## TASK TO CARRY OUT
Starting at the line with "Here we have", return every line through the final one of the data, word for word. Pictures stay out.

## Stored items from a collection
* * * * *

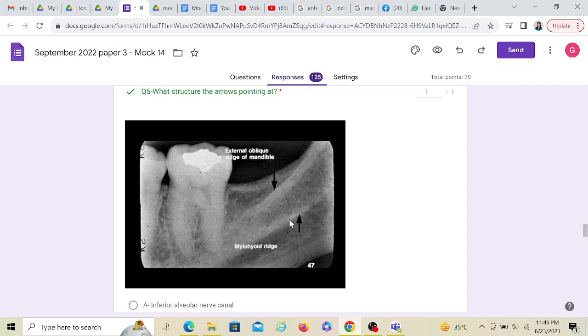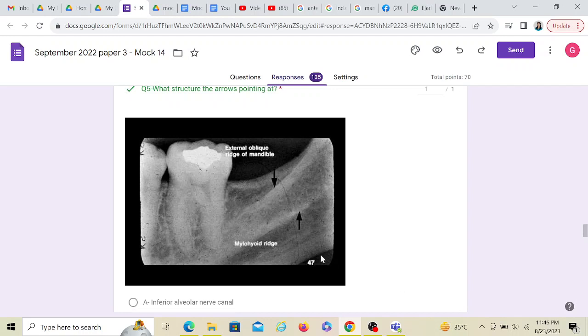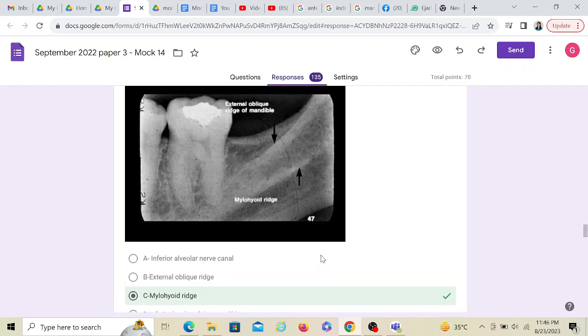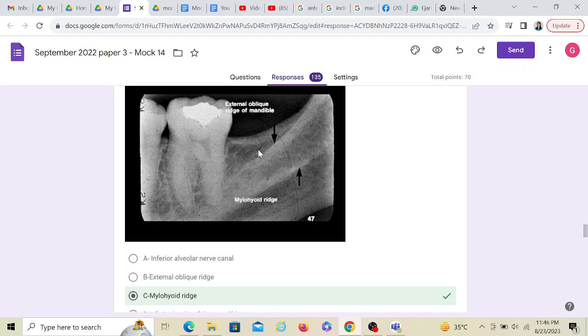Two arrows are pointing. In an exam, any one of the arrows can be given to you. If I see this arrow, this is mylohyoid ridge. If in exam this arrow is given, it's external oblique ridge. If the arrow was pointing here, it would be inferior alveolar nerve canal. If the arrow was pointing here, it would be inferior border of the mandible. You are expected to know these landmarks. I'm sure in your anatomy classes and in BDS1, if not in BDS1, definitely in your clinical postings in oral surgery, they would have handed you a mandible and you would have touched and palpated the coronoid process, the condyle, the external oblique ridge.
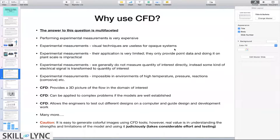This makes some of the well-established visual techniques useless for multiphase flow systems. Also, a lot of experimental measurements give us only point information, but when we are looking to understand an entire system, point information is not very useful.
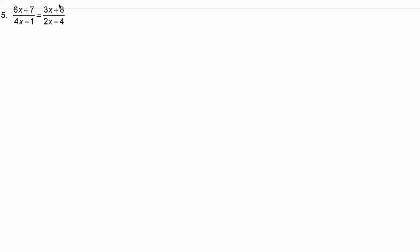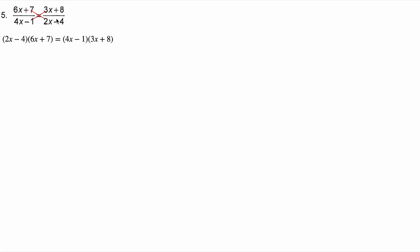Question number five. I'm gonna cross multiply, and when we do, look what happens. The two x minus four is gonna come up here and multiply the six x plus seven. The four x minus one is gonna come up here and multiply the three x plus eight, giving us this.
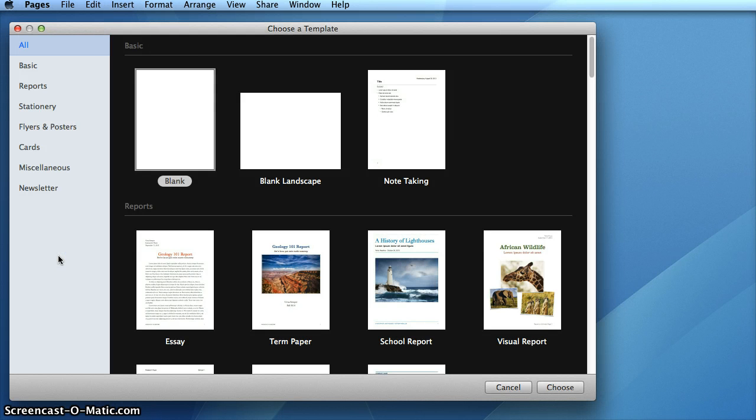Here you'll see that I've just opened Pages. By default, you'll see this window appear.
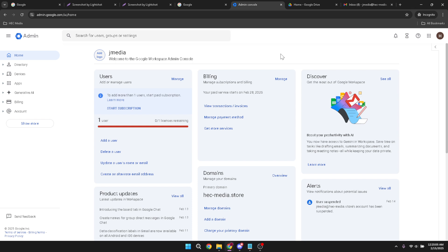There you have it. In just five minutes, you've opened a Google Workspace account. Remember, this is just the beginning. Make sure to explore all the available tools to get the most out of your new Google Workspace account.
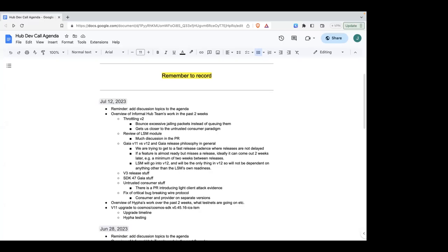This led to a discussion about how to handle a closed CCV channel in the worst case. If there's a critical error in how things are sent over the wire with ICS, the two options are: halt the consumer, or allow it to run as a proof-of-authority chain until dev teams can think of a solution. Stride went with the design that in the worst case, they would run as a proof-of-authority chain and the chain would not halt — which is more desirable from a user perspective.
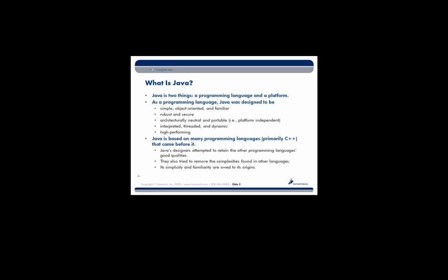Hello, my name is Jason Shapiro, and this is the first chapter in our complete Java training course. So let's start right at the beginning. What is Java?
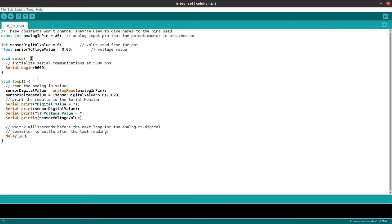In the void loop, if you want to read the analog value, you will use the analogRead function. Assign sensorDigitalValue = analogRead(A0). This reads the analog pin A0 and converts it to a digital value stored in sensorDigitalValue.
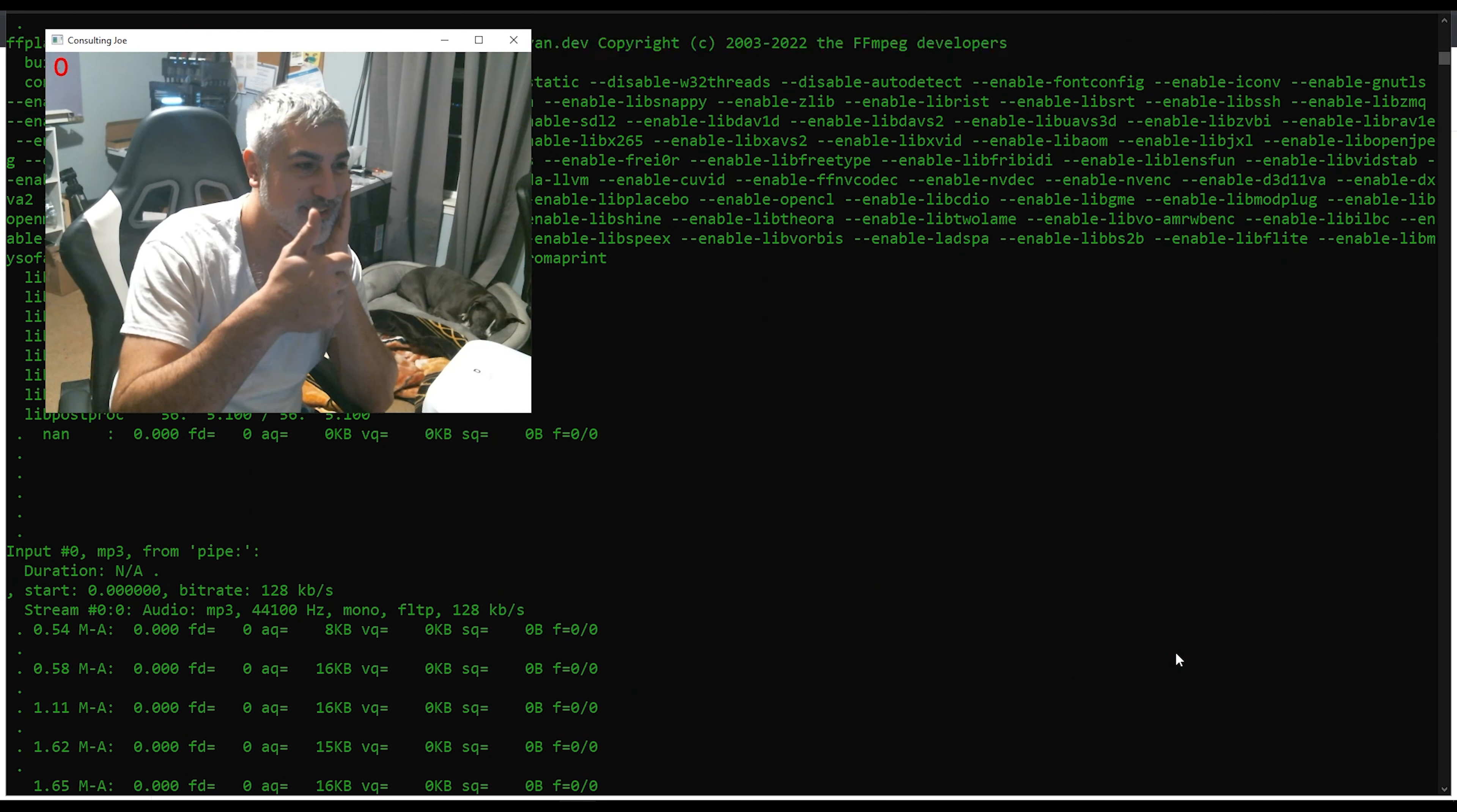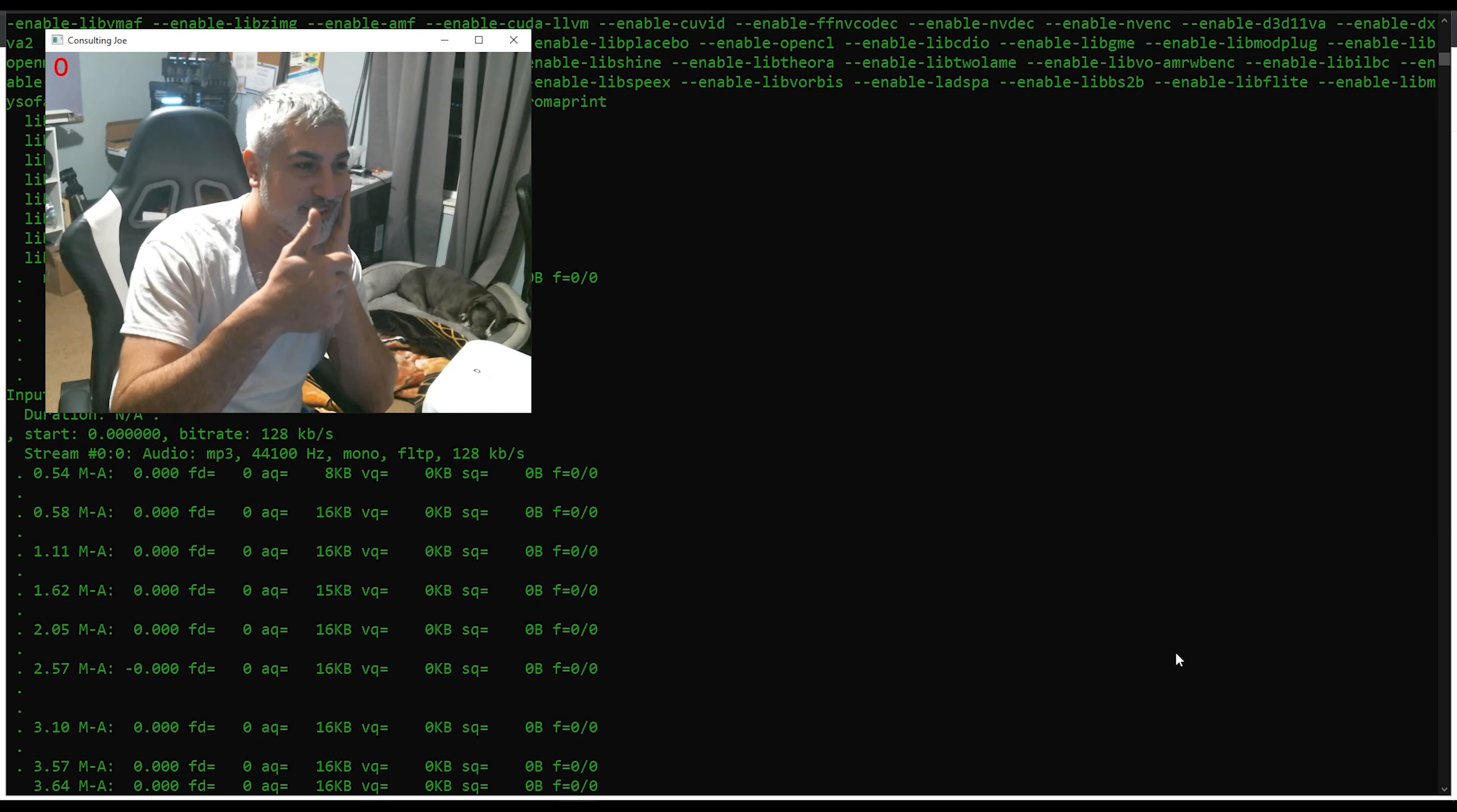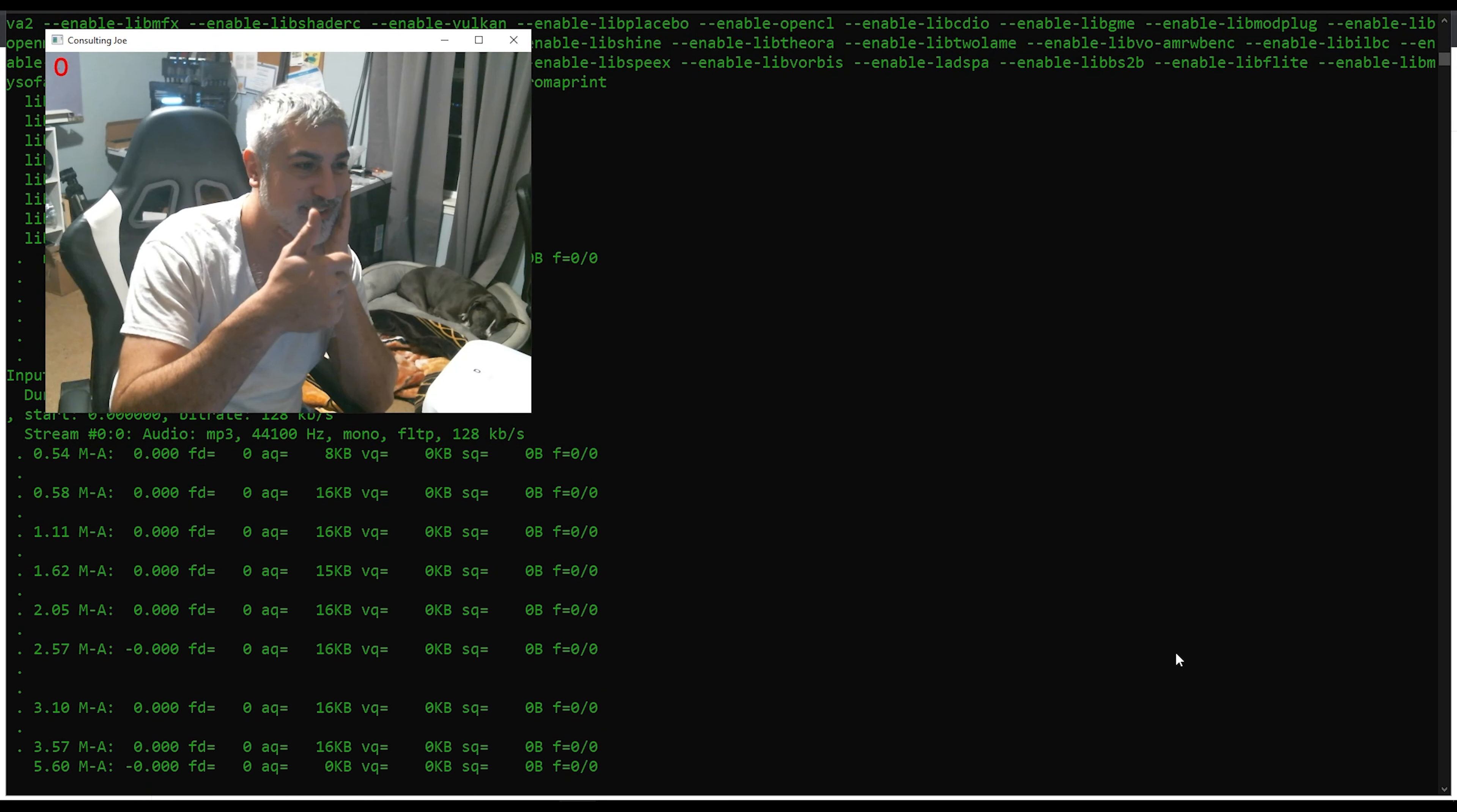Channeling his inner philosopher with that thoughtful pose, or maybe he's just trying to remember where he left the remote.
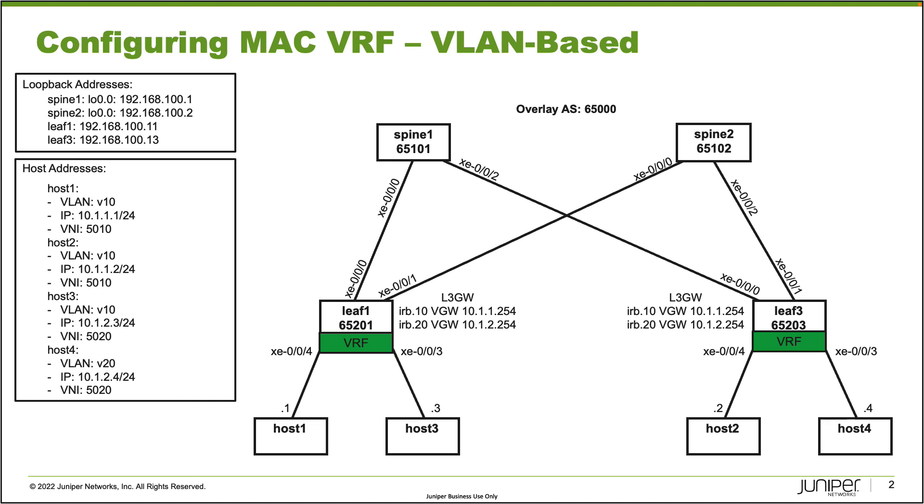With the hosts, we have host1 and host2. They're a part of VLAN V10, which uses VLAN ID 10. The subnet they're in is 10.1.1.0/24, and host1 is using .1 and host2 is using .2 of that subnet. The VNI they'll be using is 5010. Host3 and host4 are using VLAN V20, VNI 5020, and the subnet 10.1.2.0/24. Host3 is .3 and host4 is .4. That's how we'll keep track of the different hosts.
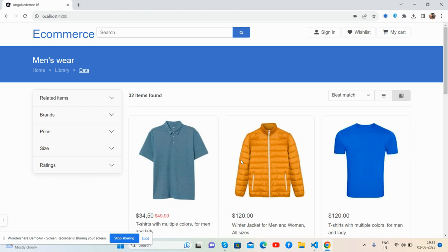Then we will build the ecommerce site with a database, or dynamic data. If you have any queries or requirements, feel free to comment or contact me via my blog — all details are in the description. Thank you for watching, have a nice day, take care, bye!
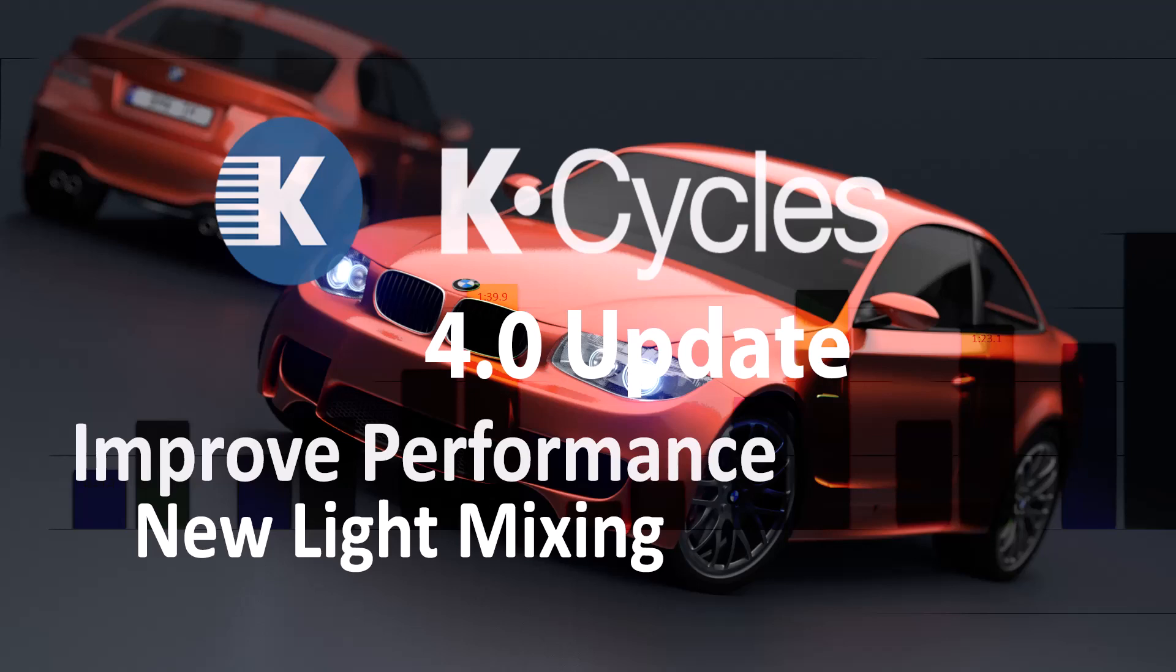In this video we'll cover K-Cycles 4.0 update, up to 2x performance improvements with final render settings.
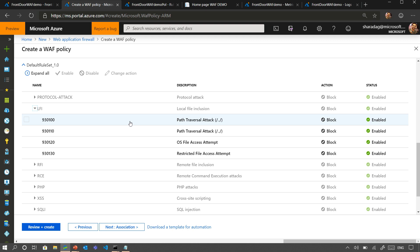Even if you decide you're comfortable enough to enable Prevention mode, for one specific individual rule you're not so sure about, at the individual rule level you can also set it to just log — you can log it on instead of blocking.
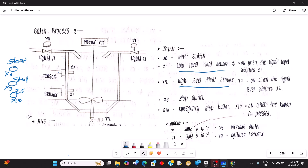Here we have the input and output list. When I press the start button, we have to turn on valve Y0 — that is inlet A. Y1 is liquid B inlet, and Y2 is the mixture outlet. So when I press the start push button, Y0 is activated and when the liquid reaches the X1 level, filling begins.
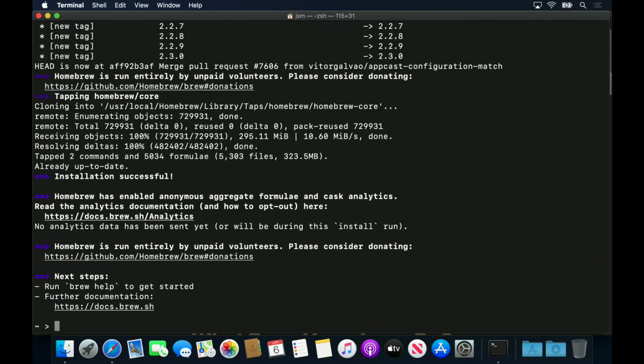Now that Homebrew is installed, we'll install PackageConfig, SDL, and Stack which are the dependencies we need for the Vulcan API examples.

* * * * *

## RESULT FOR THIS EXERCISE
Here we have the input and output list. When I press the start button, we have to turn on valve Y0 — that is inlet A. Y1 is liquid B inlet, and Y2 is the mixture outlet. So when I press the start push button, Y0 is activated and when the liquid reaches the X1 level, filling begins.
Now that Homebrew is installed, we'll install PackageConfig, SDL, and Stack which are the dependencies we need for the Vulcan API examples.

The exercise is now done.